Segment Start: Input data

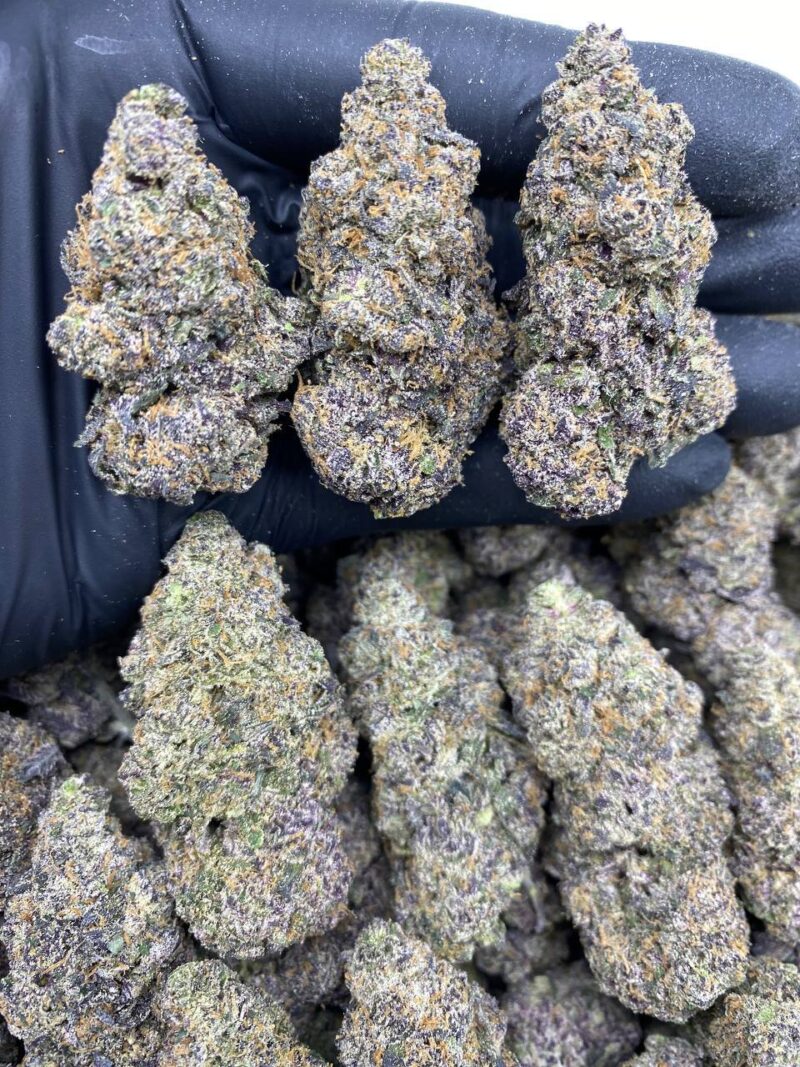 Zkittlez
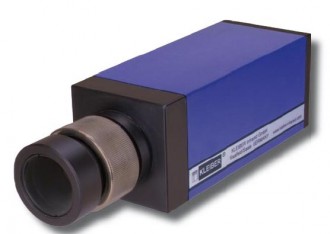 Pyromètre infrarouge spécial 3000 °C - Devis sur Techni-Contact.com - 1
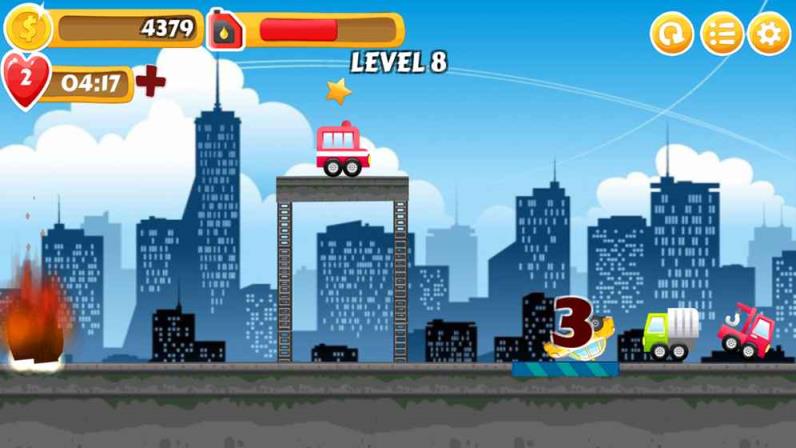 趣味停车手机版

Segment End: Input data
Segment Start: Input data

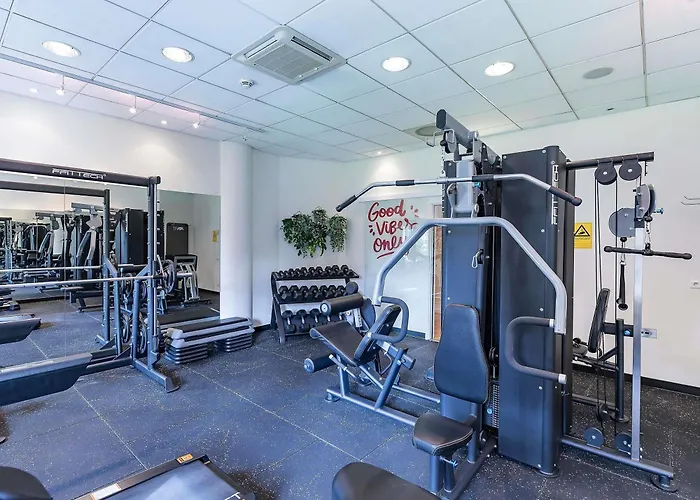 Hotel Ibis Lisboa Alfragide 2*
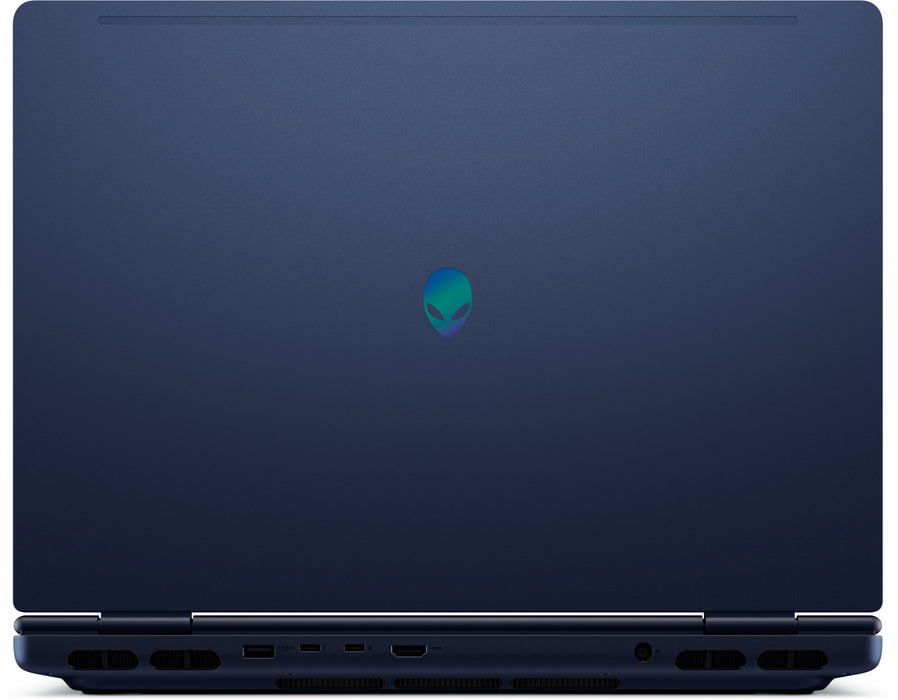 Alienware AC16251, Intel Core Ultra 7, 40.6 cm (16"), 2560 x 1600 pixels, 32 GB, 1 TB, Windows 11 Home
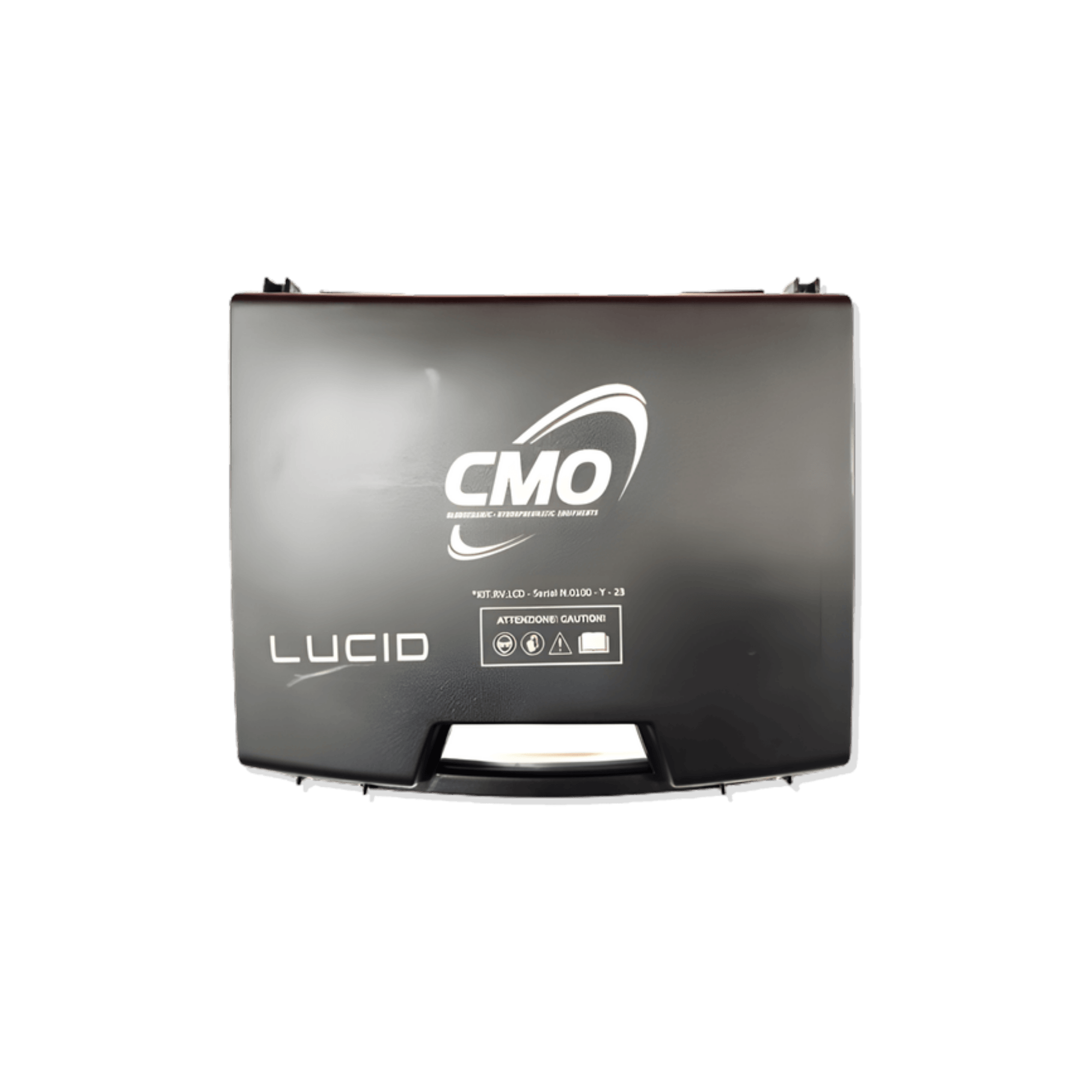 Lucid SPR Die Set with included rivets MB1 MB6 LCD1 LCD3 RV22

Segment End: Input data

Reproduce the data above exactly, but only from the line containing "Alienware AC16251, Intel" through the line containing "Lucid SPR Die"; skip the pictures.

- [Task result]
 Alienware AC16251, Intel Core Ultra 7, 40.6 cm (16"), 2560 x 1600 pixels, 32 GB, 1 TB, Windows 11 Home
 Lucid SPR Die Set with included rivets MB1 MB6 LCD1 LCD3 RV22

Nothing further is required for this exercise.